■ Problem statement
Lines below that include the word "Road" should each be copied.

Records drawn from a dataset
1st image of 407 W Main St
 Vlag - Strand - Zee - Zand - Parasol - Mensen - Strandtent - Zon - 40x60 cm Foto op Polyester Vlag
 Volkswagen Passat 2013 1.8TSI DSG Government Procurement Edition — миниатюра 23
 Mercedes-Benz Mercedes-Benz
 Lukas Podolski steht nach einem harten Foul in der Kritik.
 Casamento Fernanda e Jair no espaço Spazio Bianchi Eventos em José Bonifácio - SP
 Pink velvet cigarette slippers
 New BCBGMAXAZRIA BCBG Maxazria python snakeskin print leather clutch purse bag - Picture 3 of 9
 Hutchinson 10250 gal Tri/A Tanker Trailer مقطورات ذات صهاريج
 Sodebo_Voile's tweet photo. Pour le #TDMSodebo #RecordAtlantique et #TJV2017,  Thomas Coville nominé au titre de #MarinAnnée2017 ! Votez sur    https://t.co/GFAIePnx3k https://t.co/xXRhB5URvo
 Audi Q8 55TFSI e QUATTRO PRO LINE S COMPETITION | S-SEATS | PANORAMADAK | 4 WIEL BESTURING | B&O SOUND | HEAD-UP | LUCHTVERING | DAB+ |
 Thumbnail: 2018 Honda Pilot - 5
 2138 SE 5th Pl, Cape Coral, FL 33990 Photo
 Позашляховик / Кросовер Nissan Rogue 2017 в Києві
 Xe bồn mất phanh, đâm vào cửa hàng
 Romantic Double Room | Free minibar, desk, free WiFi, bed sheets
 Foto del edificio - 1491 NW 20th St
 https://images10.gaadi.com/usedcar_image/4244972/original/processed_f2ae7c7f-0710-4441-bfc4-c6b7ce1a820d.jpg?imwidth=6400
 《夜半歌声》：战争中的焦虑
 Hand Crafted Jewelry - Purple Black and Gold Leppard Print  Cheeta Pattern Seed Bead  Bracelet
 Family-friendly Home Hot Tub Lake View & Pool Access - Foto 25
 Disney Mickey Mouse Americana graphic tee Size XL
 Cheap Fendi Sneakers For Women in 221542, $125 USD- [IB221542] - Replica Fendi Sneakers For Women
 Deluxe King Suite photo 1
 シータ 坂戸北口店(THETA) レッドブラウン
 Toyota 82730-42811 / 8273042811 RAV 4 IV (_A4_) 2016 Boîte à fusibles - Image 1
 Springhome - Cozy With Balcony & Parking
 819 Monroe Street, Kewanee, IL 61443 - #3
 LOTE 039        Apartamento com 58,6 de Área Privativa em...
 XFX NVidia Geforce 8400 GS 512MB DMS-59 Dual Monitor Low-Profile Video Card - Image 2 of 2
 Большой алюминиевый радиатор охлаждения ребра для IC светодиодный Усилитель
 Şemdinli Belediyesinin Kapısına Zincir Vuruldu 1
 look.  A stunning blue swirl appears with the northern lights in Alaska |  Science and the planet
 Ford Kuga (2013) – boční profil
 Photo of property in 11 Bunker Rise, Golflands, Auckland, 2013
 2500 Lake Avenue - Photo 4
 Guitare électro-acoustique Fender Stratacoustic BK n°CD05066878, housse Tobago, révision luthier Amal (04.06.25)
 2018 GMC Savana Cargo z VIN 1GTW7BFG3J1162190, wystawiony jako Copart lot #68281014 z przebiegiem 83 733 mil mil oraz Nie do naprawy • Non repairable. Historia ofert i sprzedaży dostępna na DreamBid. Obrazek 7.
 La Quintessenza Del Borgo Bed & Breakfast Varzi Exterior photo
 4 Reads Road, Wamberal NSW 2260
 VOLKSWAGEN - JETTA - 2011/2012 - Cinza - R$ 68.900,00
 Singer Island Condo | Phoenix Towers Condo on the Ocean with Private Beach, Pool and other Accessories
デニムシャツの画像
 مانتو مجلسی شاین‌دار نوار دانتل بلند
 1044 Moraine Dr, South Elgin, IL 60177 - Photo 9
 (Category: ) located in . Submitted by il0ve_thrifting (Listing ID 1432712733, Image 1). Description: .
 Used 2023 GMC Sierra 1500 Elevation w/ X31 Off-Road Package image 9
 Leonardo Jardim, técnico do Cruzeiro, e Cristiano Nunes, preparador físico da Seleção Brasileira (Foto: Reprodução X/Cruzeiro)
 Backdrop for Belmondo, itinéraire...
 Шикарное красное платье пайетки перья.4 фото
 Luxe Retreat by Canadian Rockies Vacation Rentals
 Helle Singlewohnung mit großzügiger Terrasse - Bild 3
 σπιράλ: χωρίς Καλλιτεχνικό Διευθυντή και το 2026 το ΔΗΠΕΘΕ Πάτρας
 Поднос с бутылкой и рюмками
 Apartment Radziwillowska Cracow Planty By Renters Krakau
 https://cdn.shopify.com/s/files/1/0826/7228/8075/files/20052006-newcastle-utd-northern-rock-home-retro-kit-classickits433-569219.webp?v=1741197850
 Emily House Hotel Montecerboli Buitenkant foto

■ Solution to the problem
 4 Reads Road, Wamberal NSW 2260
 Used 2023 GMC Sierra 1500 Elevation w/ X31 Off-Road Package image 9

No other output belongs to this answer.